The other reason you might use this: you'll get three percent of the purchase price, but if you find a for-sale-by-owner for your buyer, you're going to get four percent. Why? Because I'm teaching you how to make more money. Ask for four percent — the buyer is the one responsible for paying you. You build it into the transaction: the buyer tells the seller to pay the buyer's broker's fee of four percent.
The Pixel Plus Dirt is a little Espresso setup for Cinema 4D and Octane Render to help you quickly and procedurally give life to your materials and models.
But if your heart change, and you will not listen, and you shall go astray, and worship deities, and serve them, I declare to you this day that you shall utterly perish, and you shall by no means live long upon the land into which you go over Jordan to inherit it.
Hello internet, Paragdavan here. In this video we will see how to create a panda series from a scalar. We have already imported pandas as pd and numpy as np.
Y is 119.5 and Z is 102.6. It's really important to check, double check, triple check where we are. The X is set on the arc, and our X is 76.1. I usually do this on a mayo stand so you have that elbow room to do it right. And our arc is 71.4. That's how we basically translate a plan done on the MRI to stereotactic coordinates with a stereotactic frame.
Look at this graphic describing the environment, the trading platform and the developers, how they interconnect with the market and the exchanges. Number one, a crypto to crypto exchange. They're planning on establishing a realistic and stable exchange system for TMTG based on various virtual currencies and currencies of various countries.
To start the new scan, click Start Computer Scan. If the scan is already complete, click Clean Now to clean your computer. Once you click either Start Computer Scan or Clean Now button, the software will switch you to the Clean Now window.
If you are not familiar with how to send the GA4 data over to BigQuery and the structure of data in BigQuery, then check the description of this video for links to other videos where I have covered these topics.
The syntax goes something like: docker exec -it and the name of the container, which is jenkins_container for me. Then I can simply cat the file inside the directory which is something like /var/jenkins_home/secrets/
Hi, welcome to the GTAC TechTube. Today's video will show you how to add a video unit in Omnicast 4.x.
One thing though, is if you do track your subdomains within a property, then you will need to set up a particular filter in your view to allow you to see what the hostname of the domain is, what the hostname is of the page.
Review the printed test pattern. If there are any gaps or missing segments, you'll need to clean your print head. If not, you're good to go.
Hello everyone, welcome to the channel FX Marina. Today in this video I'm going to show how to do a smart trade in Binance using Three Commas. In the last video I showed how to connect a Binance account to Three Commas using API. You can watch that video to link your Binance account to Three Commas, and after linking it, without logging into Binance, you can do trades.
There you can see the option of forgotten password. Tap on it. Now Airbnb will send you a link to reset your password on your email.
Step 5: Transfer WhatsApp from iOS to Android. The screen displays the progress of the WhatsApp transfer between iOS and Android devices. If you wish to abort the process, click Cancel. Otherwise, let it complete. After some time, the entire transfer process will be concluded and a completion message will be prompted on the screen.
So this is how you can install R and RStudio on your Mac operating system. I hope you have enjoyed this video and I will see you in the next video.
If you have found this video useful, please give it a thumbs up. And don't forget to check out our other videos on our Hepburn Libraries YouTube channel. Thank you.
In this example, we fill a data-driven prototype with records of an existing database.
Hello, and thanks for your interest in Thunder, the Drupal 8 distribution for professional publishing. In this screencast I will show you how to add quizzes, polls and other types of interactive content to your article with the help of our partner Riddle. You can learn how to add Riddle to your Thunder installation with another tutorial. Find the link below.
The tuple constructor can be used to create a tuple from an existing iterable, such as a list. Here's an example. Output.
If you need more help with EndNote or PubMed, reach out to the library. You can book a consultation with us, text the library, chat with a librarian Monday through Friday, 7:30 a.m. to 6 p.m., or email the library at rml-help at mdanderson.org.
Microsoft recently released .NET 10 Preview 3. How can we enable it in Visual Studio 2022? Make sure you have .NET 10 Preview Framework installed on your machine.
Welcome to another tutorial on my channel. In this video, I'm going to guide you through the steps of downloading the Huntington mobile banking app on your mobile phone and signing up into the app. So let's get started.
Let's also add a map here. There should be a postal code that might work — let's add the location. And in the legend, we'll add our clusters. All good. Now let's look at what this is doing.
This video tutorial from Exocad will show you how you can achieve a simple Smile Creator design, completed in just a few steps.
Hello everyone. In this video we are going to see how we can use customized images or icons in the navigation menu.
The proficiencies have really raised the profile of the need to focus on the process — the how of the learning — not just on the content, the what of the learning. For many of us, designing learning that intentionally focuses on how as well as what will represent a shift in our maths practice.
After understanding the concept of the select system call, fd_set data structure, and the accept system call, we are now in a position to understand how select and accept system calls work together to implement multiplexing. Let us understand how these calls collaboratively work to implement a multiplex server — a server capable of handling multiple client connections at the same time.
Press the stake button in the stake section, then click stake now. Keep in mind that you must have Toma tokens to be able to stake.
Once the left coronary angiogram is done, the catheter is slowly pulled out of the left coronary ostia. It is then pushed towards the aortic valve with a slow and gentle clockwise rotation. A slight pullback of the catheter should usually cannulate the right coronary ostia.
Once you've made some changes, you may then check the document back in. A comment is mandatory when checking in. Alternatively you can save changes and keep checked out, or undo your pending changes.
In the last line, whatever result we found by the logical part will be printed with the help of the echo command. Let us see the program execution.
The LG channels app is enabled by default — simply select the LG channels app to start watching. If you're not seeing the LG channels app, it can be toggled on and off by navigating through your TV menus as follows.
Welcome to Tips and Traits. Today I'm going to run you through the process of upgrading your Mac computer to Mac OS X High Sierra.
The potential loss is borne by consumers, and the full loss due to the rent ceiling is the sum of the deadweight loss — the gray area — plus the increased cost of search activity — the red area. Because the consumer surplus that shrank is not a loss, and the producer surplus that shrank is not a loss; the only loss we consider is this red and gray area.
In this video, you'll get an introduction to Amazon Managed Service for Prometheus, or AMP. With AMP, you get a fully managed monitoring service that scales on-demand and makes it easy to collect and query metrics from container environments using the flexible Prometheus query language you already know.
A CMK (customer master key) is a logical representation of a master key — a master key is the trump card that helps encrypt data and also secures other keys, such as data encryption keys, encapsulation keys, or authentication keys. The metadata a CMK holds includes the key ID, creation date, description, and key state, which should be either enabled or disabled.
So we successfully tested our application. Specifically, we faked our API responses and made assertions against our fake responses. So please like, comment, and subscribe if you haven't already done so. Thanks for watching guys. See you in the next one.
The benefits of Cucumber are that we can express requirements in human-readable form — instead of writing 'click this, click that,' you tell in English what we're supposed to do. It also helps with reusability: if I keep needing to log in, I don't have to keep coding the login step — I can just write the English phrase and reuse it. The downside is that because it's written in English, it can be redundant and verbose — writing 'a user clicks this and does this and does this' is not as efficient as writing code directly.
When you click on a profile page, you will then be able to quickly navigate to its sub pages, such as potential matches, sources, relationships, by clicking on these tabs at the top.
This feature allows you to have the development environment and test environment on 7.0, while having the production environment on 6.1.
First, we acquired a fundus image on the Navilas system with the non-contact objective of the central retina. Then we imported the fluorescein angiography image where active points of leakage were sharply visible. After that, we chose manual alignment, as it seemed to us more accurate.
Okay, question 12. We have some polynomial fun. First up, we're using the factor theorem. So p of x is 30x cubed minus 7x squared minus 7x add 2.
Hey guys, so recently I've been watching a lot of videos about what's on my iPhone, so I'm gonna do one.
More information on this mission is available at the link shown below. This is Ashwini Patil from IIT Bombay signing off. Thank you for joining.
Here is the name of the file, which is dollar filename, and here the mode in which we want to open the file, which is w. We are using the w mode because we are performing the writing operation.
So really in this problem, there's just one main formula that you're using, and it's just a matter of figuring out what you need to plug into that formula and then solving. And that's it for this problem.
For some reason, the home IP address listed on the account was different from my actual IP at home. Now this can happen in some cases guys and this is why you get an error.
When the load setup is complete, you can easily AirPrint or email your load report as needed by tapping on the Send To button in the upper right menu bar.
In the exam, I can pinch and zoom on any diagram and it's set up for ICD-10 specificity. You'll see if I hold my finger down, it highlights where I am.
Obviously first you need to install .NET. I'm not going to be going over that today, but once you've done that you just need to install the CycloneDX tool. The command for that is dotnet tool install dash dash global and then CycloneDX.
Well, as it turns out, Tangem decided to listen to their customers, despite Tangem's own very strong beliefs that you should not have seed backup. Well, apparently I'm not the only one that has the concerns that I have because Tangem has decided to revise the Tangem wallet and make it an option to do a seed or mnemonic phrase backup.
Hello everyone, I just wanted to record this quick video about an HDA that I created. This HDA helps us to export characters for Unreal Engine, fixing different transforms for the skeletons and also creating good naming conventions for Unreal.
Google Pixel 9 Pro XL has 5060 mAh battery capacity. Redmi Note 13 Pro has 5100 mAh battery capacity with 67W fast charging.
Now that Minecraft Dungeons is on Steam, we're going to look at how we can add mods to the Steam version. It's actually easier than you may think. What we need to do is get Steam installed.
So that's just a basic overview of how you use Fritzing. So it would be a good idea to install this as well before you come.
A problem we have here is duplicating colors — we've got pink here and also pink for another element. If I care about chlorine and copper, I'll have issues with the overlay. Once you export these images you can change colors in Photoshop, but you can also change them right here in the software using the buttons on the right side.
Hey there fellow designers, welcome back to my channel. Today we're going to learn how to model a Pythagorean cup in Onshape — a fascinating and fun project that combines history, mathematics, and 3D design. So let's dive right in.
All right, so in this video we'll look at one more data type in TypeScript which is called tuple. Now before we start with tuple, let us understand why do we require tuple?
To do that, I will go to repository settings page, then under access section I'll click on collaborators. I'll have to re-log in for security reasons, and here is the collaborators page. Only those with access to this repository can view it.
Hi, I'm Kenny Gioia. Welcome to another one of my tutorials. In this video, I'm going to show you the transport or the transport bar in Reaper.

++++++

Task directions | Each line from the top of the listing down to and including the one containing "Y is 119.5 and" should be transcribed exactly; nothing else is to be output.

Task result |
The other reason you might use this: you'll get three percent of the purchase price, but if you find a for-sale-by-owner for your buyer, you're going to get four percent. Why? Because I'm teaching you how to make more money. Ask for four percent — the buyer is the one responsible for paying you. You build it into the transaction: the buyer tells the seller to pay the buyer's broker's fee of four percent.
The Pixel Plus Dirt is a little Espresso setup for Cinema 4D and Octane Render to help you quickly and procedurally give life to your materials and models.
But if your heart change, and you will not listen, and you shall go astray, and worship deities, and serve them, I declare to you this day that you shall utterly perish, and you shall by no means live long upon the land into which you go over Jordan to inherit it.
Hello internet, Paragdavan here. In this video we will see how to create a panda series from a scalar. We have already imported pandas as pd and numpy as np.
Y is 119.5 and Z is 102.6. It's really important to check, double check, triple check where we are. The X is set on the arc, and our X is 76.1. I usually do this on a mayo stand so you have that elbow room to do it right. And our arc is 71.4. That's how we basically translate a plan done on the MRI to stereotactic coordinates with a stereotactic frame.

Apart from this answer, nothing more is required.